For some function $f(x)$ there exist numbers $T \ne 0$ and $a$ such that for any $x \in D(f)$:
$$ x+T \in D(f) \\ x-T \in D(f) $$
and $f(x+T) = f(x) + a$.
$D(f)$ denotes the domain of $f$.
Prove that $f(x) = \varphi (x) + {a \over T}x$, where $\varphi (x)$ is a periodic function with period $T$.
Here is my try but I have strong doubts about its validity.
Assume that $f(x) = \varphi (x) + {a \over T}x$. Lets see how $f(x)$ behaves in $x+T$:
$$ f(x+T) = \varphi (x+T) + {a \over T}(x+T) $$
Given $\varphi (x)$ is periodic, then $\varphi (x+T) = \varphi (x)$. Therefore:
$$ \begin{align} f(x+T) &= \varphi (x) + {a \over T}(x+T) \\ &=\varphi (x) + {ax \over T} +a \end{align} $$
But $f(x+T) = f(x) + a$ and then:
$$ f(x+T) = f(x) + a \\ f(x) + a =\varphi (x) + {ax \over T} + a \iff \\ \iff f(x) = \varphi (x) + {ax \over T} + a - a $$
So finally I arrived at where I started.
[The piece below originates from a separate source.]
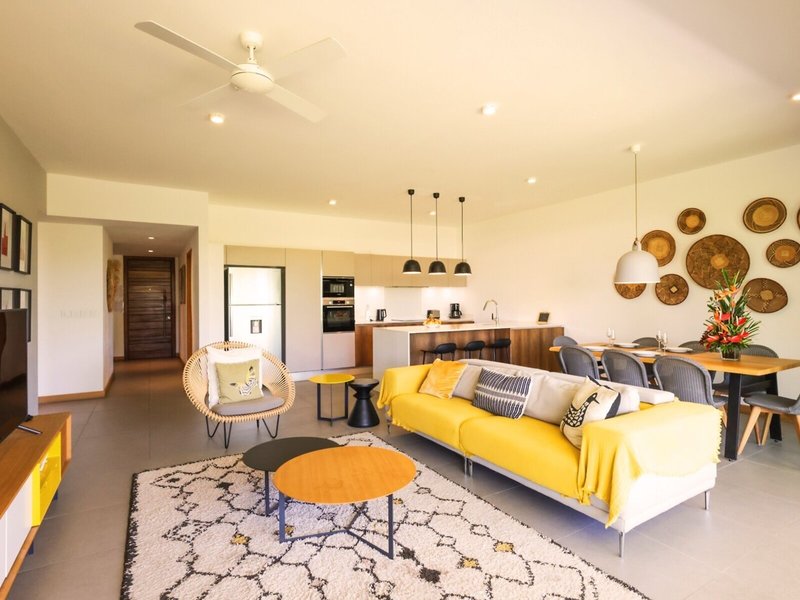Mythic Suites & Villas 47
Moreover the above shows that $f(x)$ is periodic which contradicts the initial statement that $f(x+T) = f(x) + a$
One may notice that $f(x + nT) = f(x) + na$ but I don't see how I could use that fact. What is the correct way of proving the above?
Please note that the restrictions in the question section is everything i'm given. So the function is just known to have some domain $D(f)$ and both $T$ and $a$ are not restricted to any particular set of numbers. Also that is from pre-calc section.